I also don't get spam comments anymore. I use the most trivial captcha imaginable, and I use traditional error messages.
But honestly, I hate blog comments. Being able to read a number from an image doesn't mean that what your writing is worthy of being published. (I keep them enabled because I like the fact that people are occasionally so upset with my analysis of Java's type system that they want me to "die in a fire". Really? What exactly would that solve?)
My solution to this problem (in addition to Akismet) is just to manually moderate all comments; it works for smaller blogs like mine ( http://x264dev.multimedia.cx/ ).
This prevents pointless comments and flamewars--of course, it also means I probably won't let you flame me baselessly in my blog comments, but there's no free speech on a private website anyways.
There wouldn't be free speech on the private site, but there's nothing stopping a would-be commenter from writing their own rebuttal article, were comments disabled.
I like this better because there's a much smaller chance of a flamewar happening, and the responses will generally be well thought out.
I agree that filtering out the worst junk doesn't necesarily raise the overall quality to an acceptable level. It seems like there are two issues, which are related: [1] comments are too small-d democratic and [2] there doesn't currently exist a good mechanism for aggregating comments.
With the exception of a few places like HN, the best comments are treated about the same as bad comments.
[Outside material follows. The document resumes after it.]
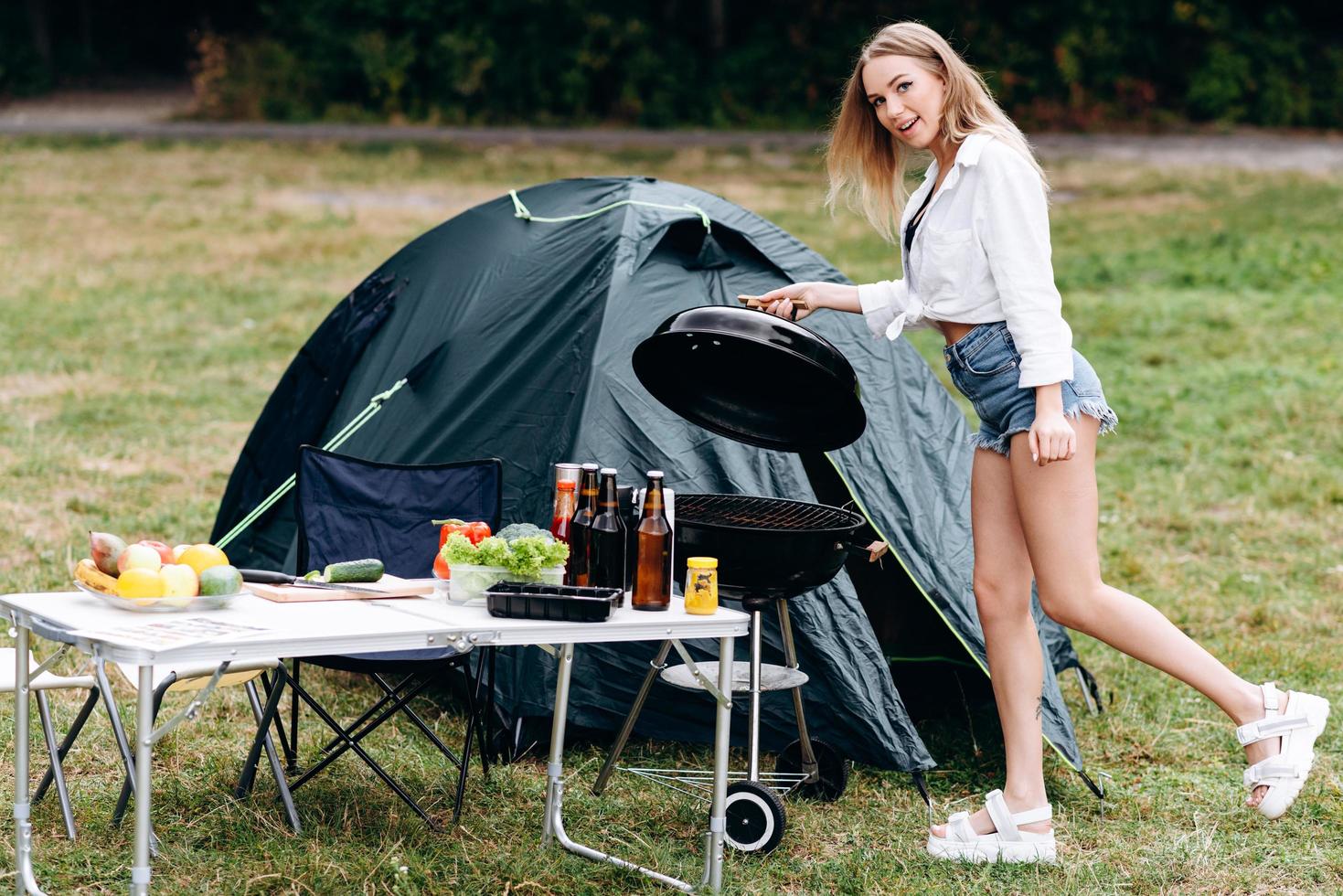 donna che prepara il cibo sul barbecue all'aperto nel campeggio e guarda la telecamera foto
The absence of incentives leads to the absence of quality.
The other issue is related in the sense that if there was a good mechanism for aggregating comments across sites it would almost certainly serve to recognize and reward the best comments. Solve the fragmentation problem, and you get resolution on the first one for free.
Using Akismet blocks about 99.99% of the spam comments that hit my blogs. I moderate the rest. It's quick and easy. I almost never delete a comment, but I like to have the option.
For a year I had about 30 spam comments a month on my Wordpress blog. I added Akismet a month ago and I've had 1 this month. It really does work and there's no need to bother users with a captcha.
i've been using defensio (http://defensio.com/) for about a year and have had great success with it. over 11,000 spam comments with 9 false positives, and no annoying captchas.
comments flagged as spam by defensio require an email address to go into the database (if it wasn't spam it doesn't require an address and will just post to the site right away). the user is then emailed a link that they have to click on to make their comment show up, which then notifies defensio it was a false positive.
eventually i grew tired of the email bouncebacks from the spam submissions, so i started caching the ips that submitted the spam and automatically blocked access to the entire site from the ip after a number of spammy comments queued up. the comment spammers just flood the site with spam very quickly, so their spam count exceeds that quota and they are forever blocked just as quickly.
Akismet + post-moderation is definitely the way to go. If you're using pre-moderation (ie. it doesn't show until the blog owner clicks "OK"), please say so in the comment form so I can leave before wasting my time.
Even though my blog is very low traffic, and that's probably part of why my approach is working, it has yet to receive a spambot comment after four years.
I'm guessing this is due to its... non-standard construction. It's pure XML plus an XSLT that transforms it into HTML on the client side.
A more sensible approach might be to use XSLT to transform just the FORM stuff on a "real" blog system, but I haven't tried that. If the bots are using real browsers when trawling the net and not just some regexps it'll provide no protection.
I remember playing with it in 2000 on IE5, though I remember having to download new version of MSXML for it. It might have even been the first browser to support it.
The biggest reason why a certain blog does not attract spammers is probably because it is very small. Not using standard software helps, and if you've never run with automatic approval that is another show stopper for spammers.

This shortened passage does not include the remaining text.